Universalis

Back

Definitions

  1. Strings (\(s\), \(t\), \(u\)): A lowercase English \(s\), \(t\), or \(u\) denotes a string.

  2. Characters (\(\mathfrak{a}\), \(\mathfrak{b}\), \(\mathfrak{c}\), etc. ): Lowercase Fraktur letters represent characters. Subscripts will occassionally be used in conjunction with Fraktur letters to denote characters at specific positions within strings, (\(\mathfrak{a}_1\), \(\mathfrak{a}_2\), … ).

  3. Empty Character (\(\varepsilon\)): The lowercase Greek letter epsilon, \(\varepsilon\), represents the empty Character.

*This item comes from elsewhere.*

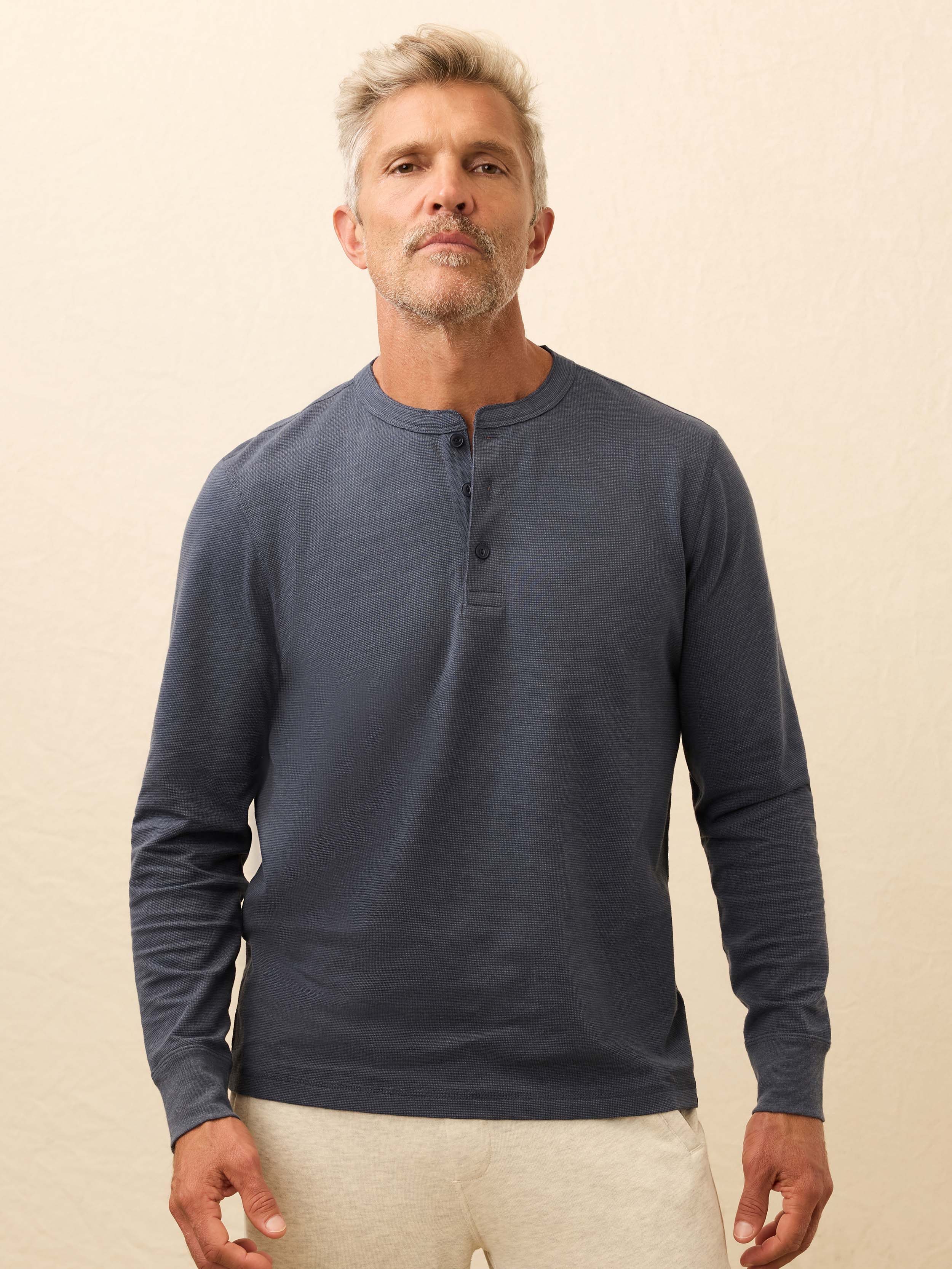 Long-Sleeve Waffle Henley - Blue Nights | Faherty Brand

  4. Delimiter (\(\sigma\)): The lowercase Greek letter sigma, \(\sigma\), represents the delimiter character, e.g. spaces.

  5. Words (\(a\), \(b\), \(c\), etc.): Lowercase English letters represent words. Subscripts will occassionally be used to denote words at specific positions within sentences, (\(a_1\), \(a_2\), … )

  6. Sentences (\(\zeta\)): The lowercase Greek letter zeta, \(\zeta\), represents sentences. Subscripts will occasionally be used to enumerate sentences in a language (\(\zeta_1\), \(\zeta_2\), …)

  7. Alphabets (\(\Sigma\)): The uppercase Greek letter sigma, \(\Sigma\), represents alphabets.

  8. Language (\(L\)): The uppercase English letter \(L\) represents a language.

  9. Corpus (\(C_L\)): The uppercase English letter \(C_L\) with a subscript \(L\) represents a corpus of sentences within a given language.

Alphabet

The aggregate of all characters is called an alphabet and is denoted by an uppercase sigma, \(\Sigma\),

\[\Sigma = \{ \varepsilon, \sigma, \mathfrak{a}, \mathfrak{b}, \mathfrak{c}, ... \}\]

Language

A language \(L\) is a set of strings constructed through concatenation on an alphabet \(\Sigma\) wherein each construction is assigned semantic content,

\[L = \{ a, b, c, ... \}\]

Corpus

A corpus \(C_L\) is a set of strings constructed by inserting a delimiter between words in language \(L\) and assigning semantic meaning,

\[C_L = \{ \zeta_1, \zeta_2, ... \}\]

Linguistic Hierarchy

  1. Strings: \(\iota\), \(a\), \(\zeta\)

  2. Sets: \(\Sigma\), \(L\), \(C_L\)

  3. Character Membership: \(\iota \in \Sigma\)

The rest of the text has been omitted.